## Exercise requirements
Using the material below, repeat exactly the lines from the one with "Schattigee Roze Plaid" through the one with "Pemecah termal Aluminium", ends included, without any images.

## Supplied entries
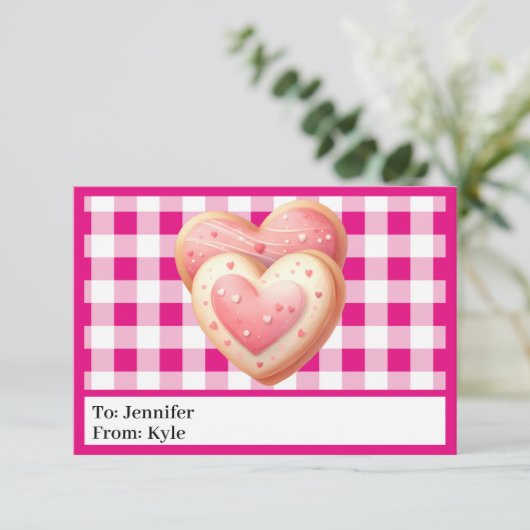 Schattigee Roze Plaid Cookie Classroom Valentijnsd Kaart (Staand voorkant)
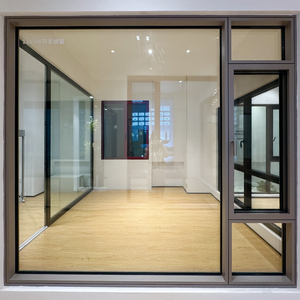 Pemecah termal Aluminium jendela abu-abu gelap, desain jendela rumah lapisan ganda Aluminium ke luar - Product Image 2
--
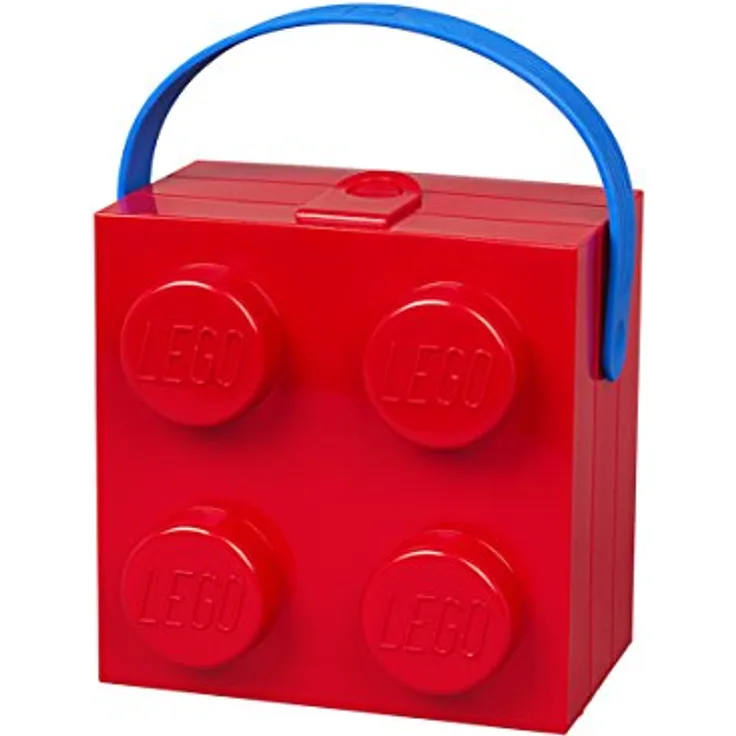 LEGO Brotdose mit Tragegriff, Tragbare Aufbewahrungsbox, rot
==
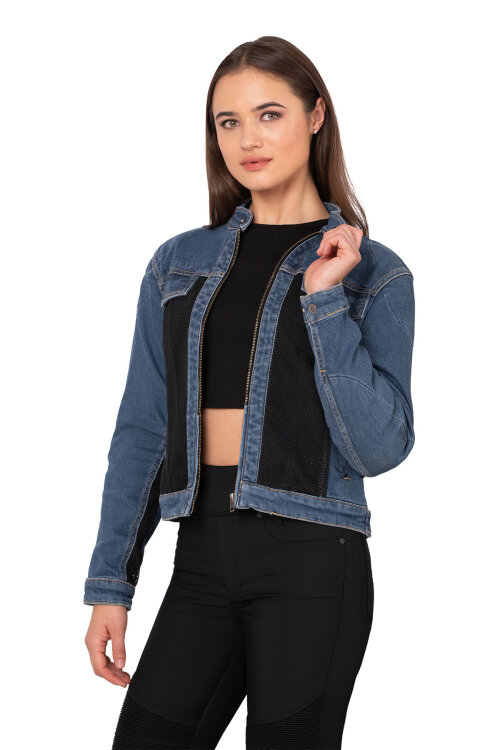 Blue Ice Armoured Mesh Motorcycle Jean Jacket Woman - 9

## Finished exercise
 Schattigee Roze Plaid Cookie Classroom Valentijnsd Kaart (Staand voorkant)
 Pemecah termal Aluminium jendela abu-abu gelap, desain jendela rumah lapisan ganda Aluminium ke luar - Product Image 2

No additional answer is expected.